-- What to produce --
Output every line below as it stands, dropping only the images.
┌─ Information shown
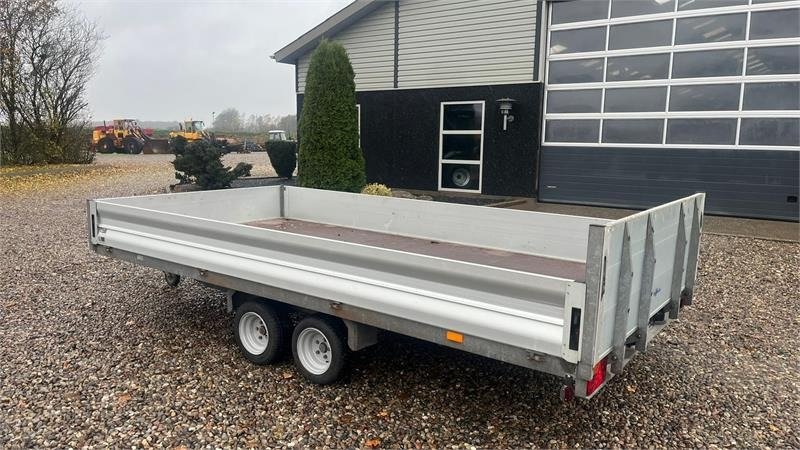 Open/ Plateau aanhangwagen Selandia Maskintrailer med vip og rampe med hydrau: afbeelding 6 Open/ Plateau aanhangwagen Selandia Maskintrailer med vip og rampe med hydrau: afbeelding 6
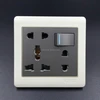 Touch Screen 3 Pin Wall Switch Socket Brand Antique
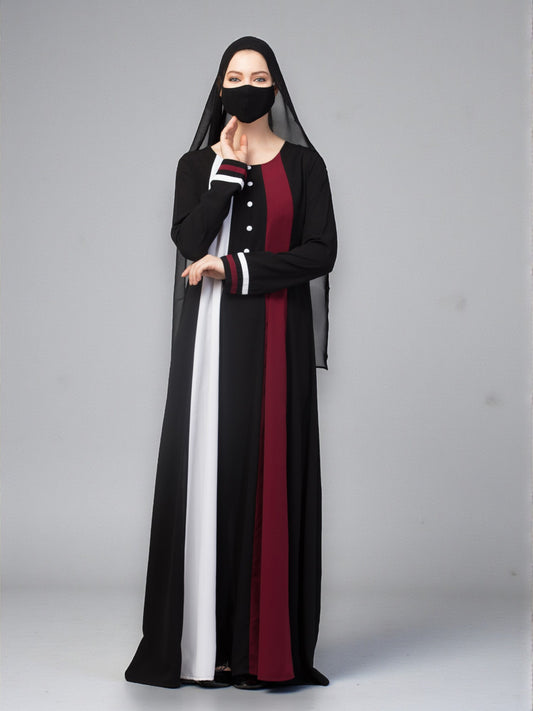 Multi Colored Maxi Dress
└─
-- Output --
 Open/ Plateau aanhangwagen Selandia Maskintrailer med vip og rampe med hydrau: afbeelding 6 Open/ Plateau aanhangwagen Selandia Maskintrailer med vip og rampe med hydrau: afbeelding 6
 Touch Screen 3 Pin Wall Switch Socket Brand Antique
 Multi Colored Maxi Dress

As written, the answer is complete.